» Task instructions
Exact reproduction, images excluded: write out the records below.
[[ Task data, beginning ]]
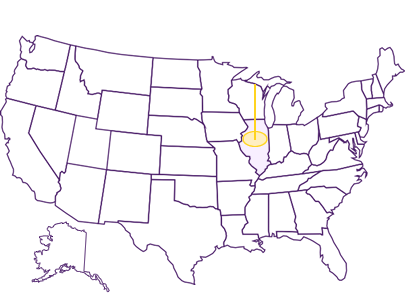 Illinois highlighted on US map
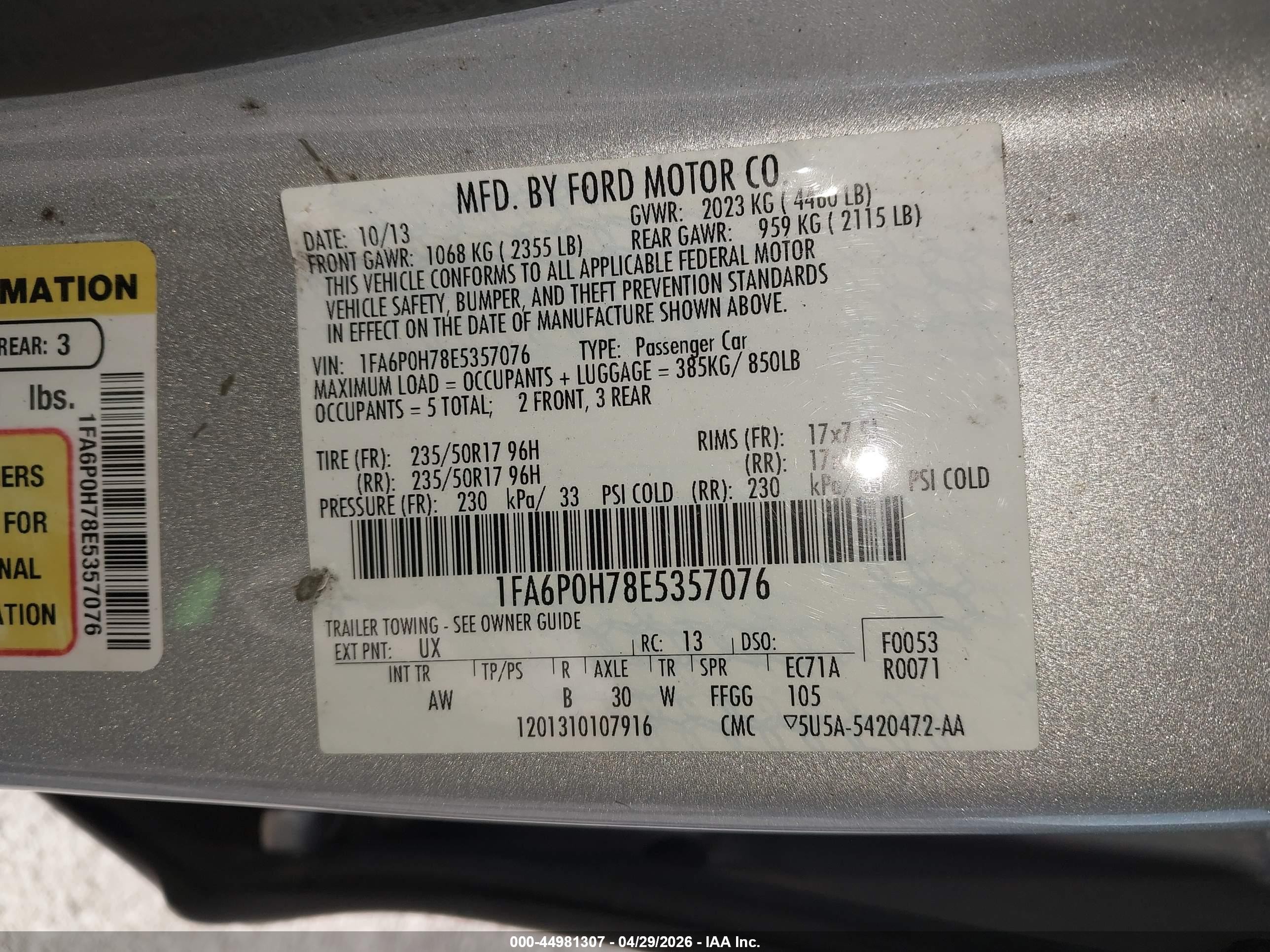 2014 Ford Fusion Se Silver vin: 1FA6P0H78E5357076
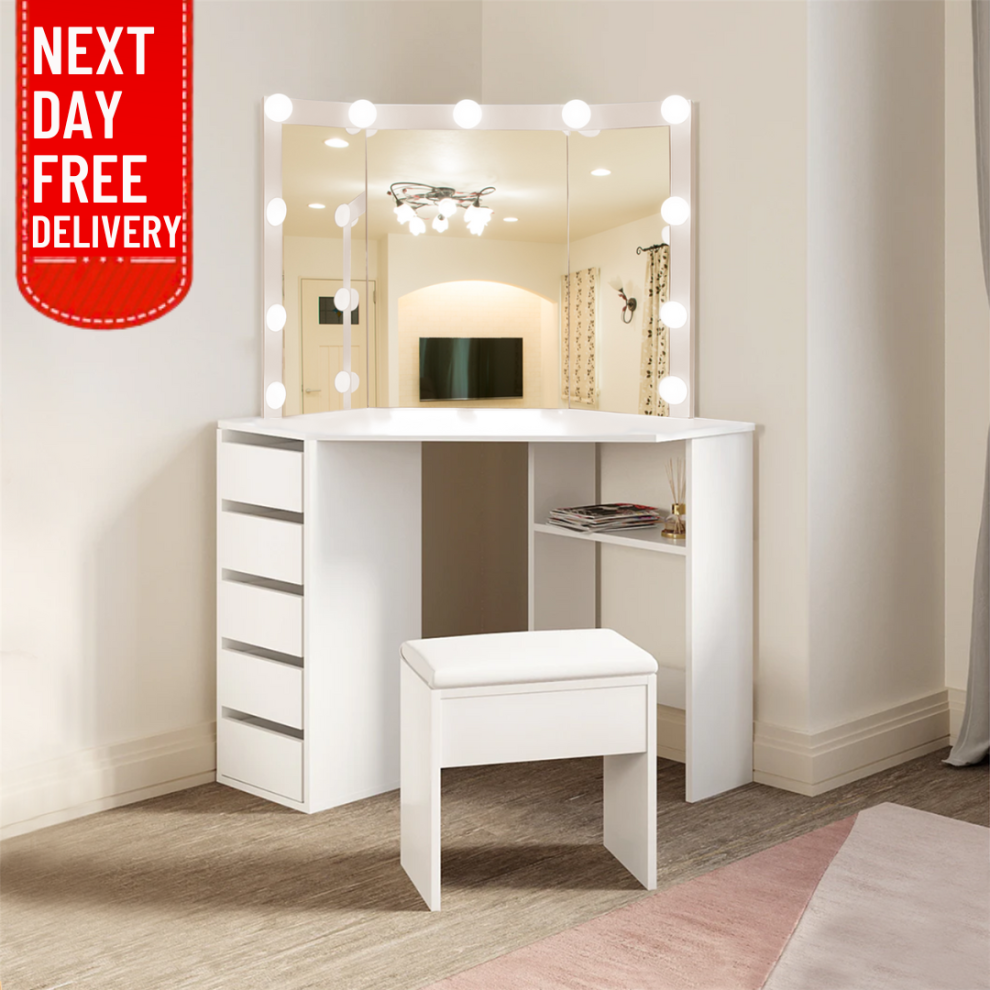 Dressing Table Vanity Makeup Desk Set with LED Mirror Stool 5 Drawer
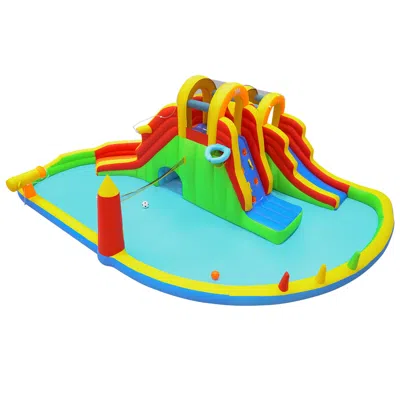 Breebe Inflatable Water Slide Park With 2 Long Slides And Climbing Walls For Yard Party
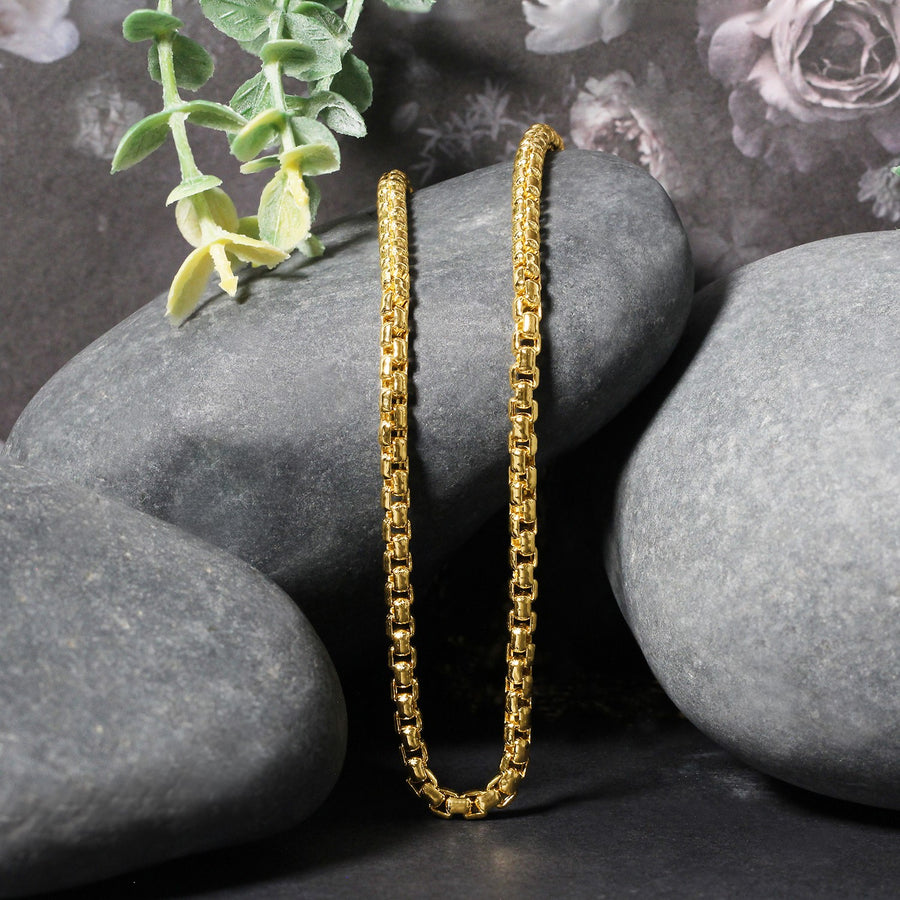 3.4mm Round Box Chain - 14k Yellow Gold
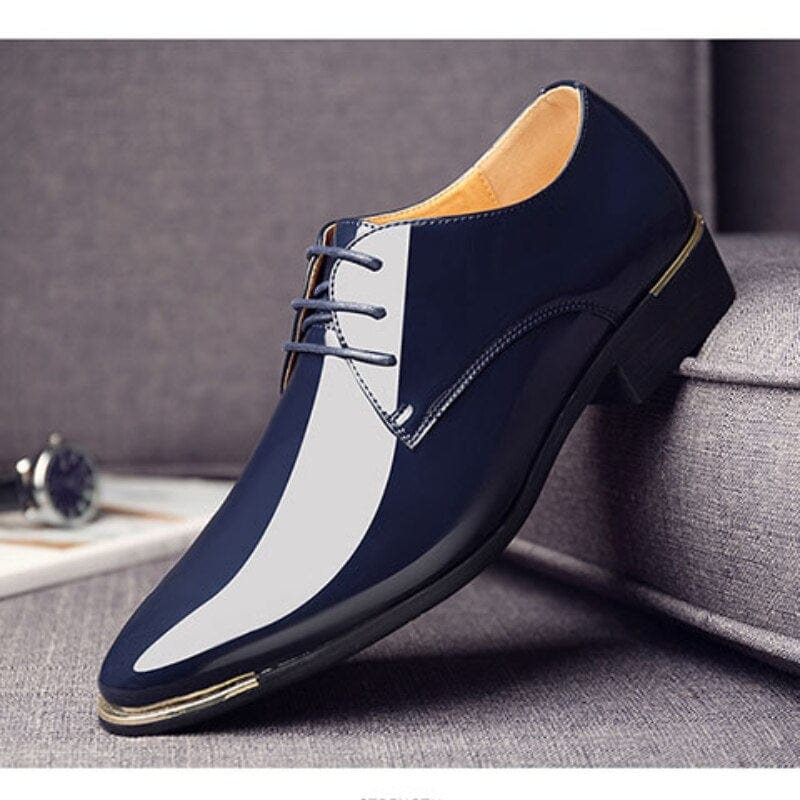 Showlu Store Nation 0 blue / 38 Men Premium Patent Leather Shoes White Wedding Shoes Size 38-48 Black Leather Low Top Soft Men Dress Shoes Solid Color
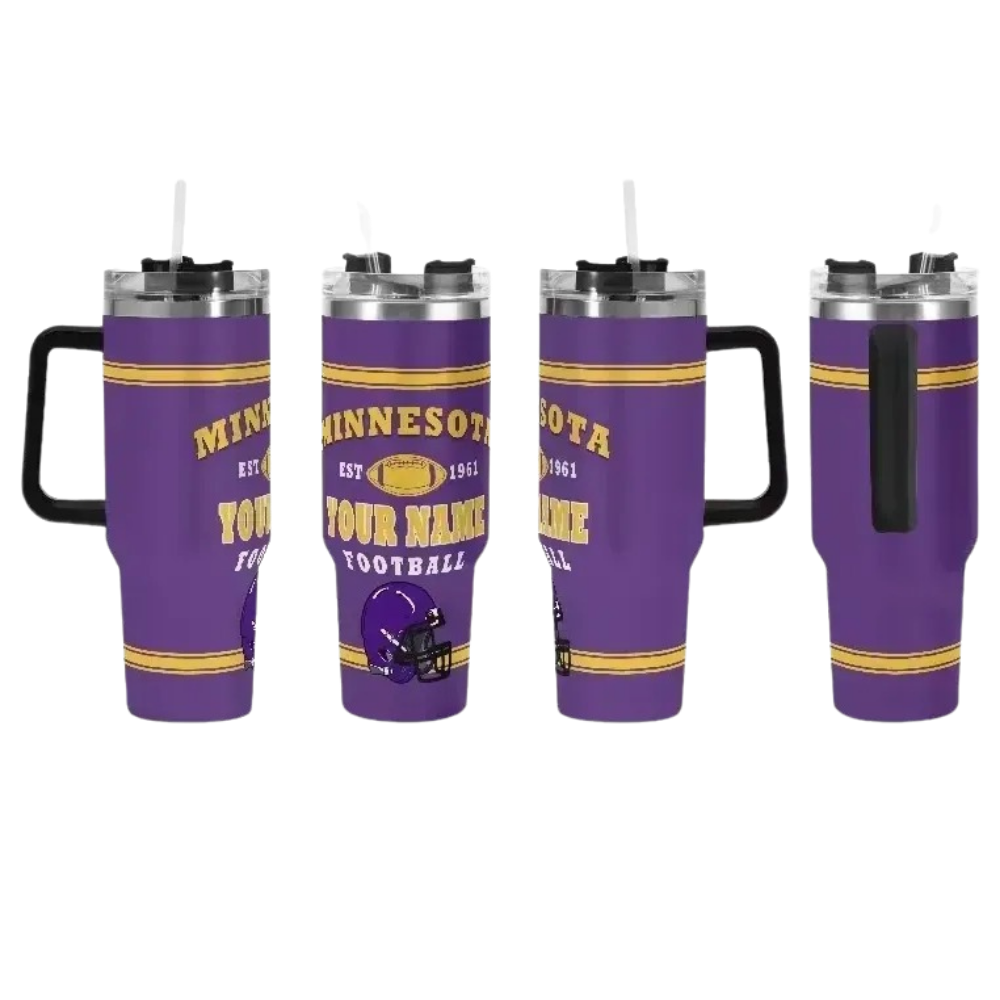 Custom 40oz Minnesota Vikings Insulated Travel Mug With Handle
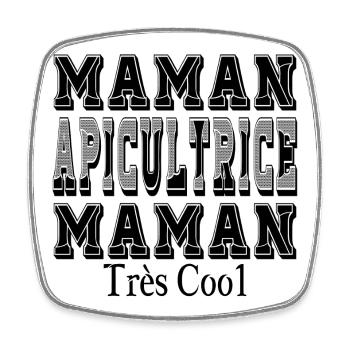 Imker-Mama sehr coole Mama - Viereckiger Kühlschrankmagnet - Weiß - Vorne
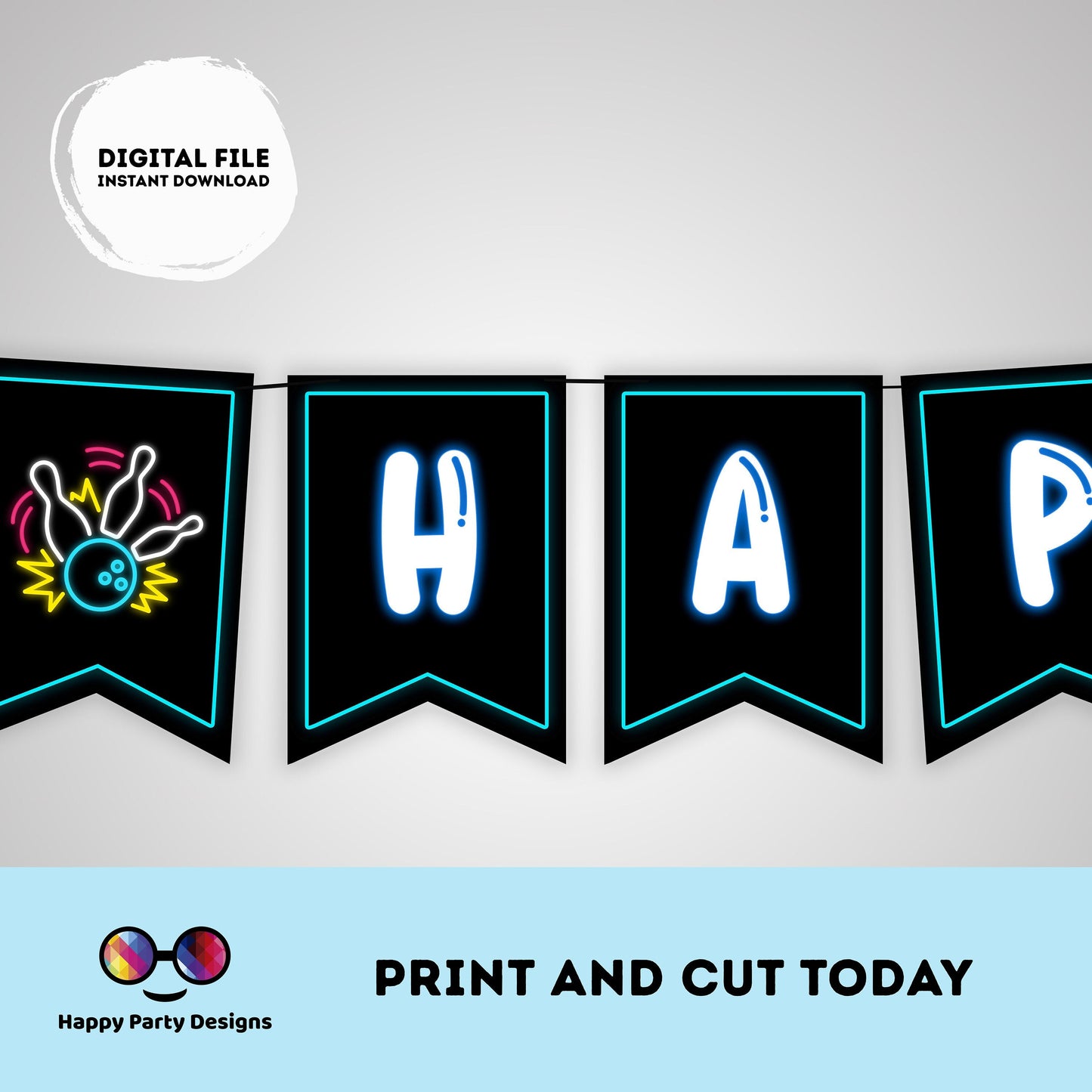 Happy Birthday Bowling Banner | Bowling party | Birthday banner | Bowling birthday party | birthday girl | birthday boy | Bowling Banner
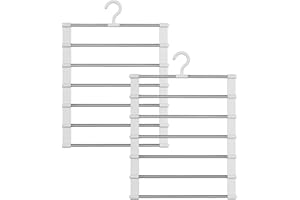6 Layers Trouser Hanger, 2 Pcs Stainless Steel Pants Rack, Foldable Ladder Clothes Organizer, Multi-Layer Pants Hanger for Sc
[[ Task data, end ]]
» Result of the task
 Illinois highlighted on US map
 2014 Ford Fusion Se Silver vin: 1FA6P0H78E5357076
 Dressing Table Vanity Makeup Desk Set with LED Mirror Stool 5 Drawer
 Breebe Inflatable Water Slide Park With 2 Long Slides And Climbing Walls For Yard Party
 3.4mm Round Box Chain - 14k Yellow Gold
 Showlu Store Nation 0 blue / 38 Men Premium Patent Leather Shoes White Wedding Shoes Size 38-48 Black Leather Low Top Soft Men Dress Shoes Solid Color
 Custom 40oz Minnesota Vikings Insulated Travel Mug With Handle
 Imker-Mama sehr coole Mama - Viereckiger Kühlschrankmagnet - Weiß - Vorne
 Happy Birthday Bowling Banner | Bowling party | Birthday banner | Bowling birthday party | birthday girl | birthday boy | Bowling Banner
6 Layers Trouser Hanger, 2 Pcs Stainless Steel Pants Rack, Foldable Ladder Clothes Organizer, Multi-Layer Pants Hanger for Sc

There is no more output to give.